Findings: Following vaccination, SARS-CoV-2 –specific antibodies were detected in 57/82 (70%) patients compared to 82/82 (100%) healthy controls (p<0·001). Seroconversion rates and antibody levels were lower in B cell-depleted (<1 B cell/mcl) patients compared to non-depleted (≥ 1 B cell/mcl) patients (p<0·001). B cell levels ≥ 1 cell/mcl were sufficient to induce anti-SARS-CoV-2-S antibody responses. In contrast to the antibody response, most B cell-depleted patients generated a T-cell response against the SARS-CoV-2 Wuhan strain and the delta variant that was more robust in frequency (p<0·05) and magnitude (p<0·01) compared to non-depleted patients and persisted for at least six weeks.
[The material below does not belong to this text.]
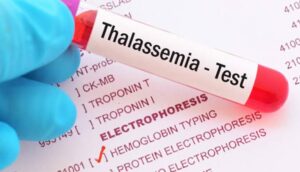 Read more about the article Punjab Govt to introduce legislation for Pre-marriage thalassemia test soon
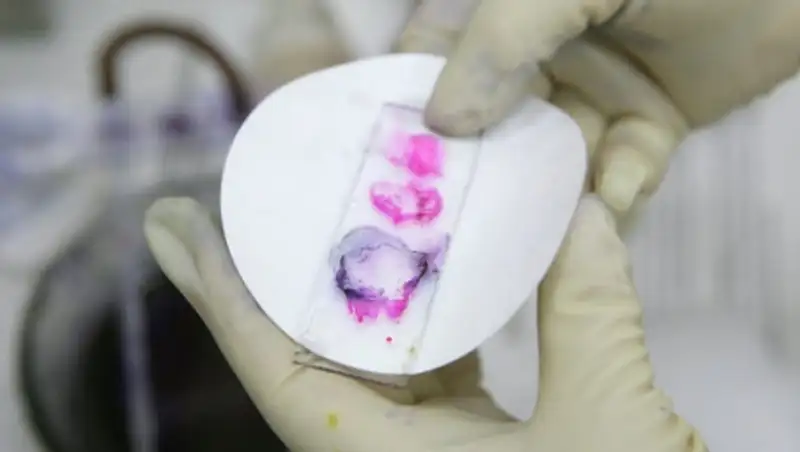 Немецкие СМИ: США использовали споры сибирской язвы на учениях в ФРГ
Interpretation: Humoral immunity following SARS-CoV-2 mRNA vaccination can be achieved in patients on anti-CD20 therapy once B cells start to repopulate. In the absence of B cells, a robust and stable T cell response is generated which may provide a potent defense against severe COVID-19 in this high-risk patient population.
Seroconversion relates to B cell repopulation although this is not absolute
General Disclaimer: Please note that the opinions expressed here are those of the author and do not necessarily reflect the positions of the Barts and The London School of Medicine and Dentistry nor Barts Health NHS Trust and are not meant to be interpreted as personal clinical advice.